Prozess um Doppelmord: Beschuldigter geständig

In Leoben muss sich seit Montag ein 34-Jähriger wegen Doppelmordes an seiner Frau und deren Schwester verantworten. Der Mann ist geständig; der Prozess wurde auf Montag in einer Woche vertagt.

Die beiden Frauen - wie auch der beschuldigte serbische Staatsangehörige mit Wohnsitz in Kapfenberg - hatten sich Anfang April auf den Weg zu einer Polizeistation gemacht, um Anzeige gegen den 34-Jährigen zu erstatten. Denn obwohl das Ehepaar bereits getrennt lebte, habe er immer wieder Kontakt zu seiner Frau gesucht - mehr dazu in Doppelmord-Opfer waren auf Weg zur Polizei (04.04.2016).

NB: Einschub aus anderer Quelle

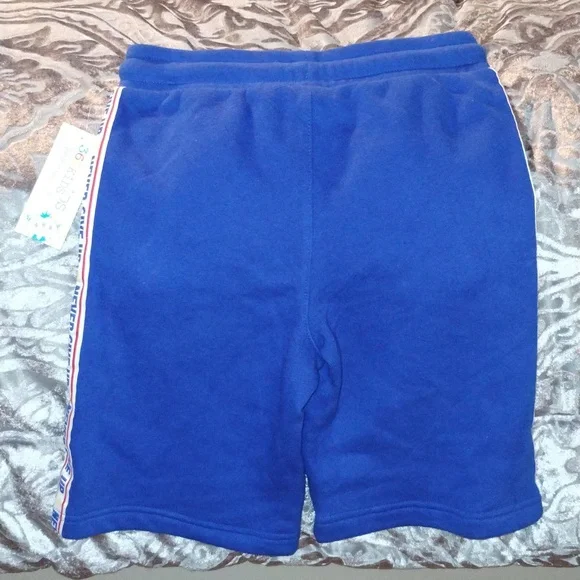 365 Kids Cool Monster Shorts -Blue/White/Red (Boys - Size 10) - Picture 3 of 5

Am Montag begann der Prozess gegen den 34-Jährigen. Er schilderte, wie es seiner Ansicht nach zum Tod seiner Frau und seiner Schwägerin gekommen war. Der Mann sei verzweifelt gewesen, habe schon am Vorabend der Tat Kokain genommen und wollte seine Frau sprechen, aber sie rief ihn nicht zurück, sagte er.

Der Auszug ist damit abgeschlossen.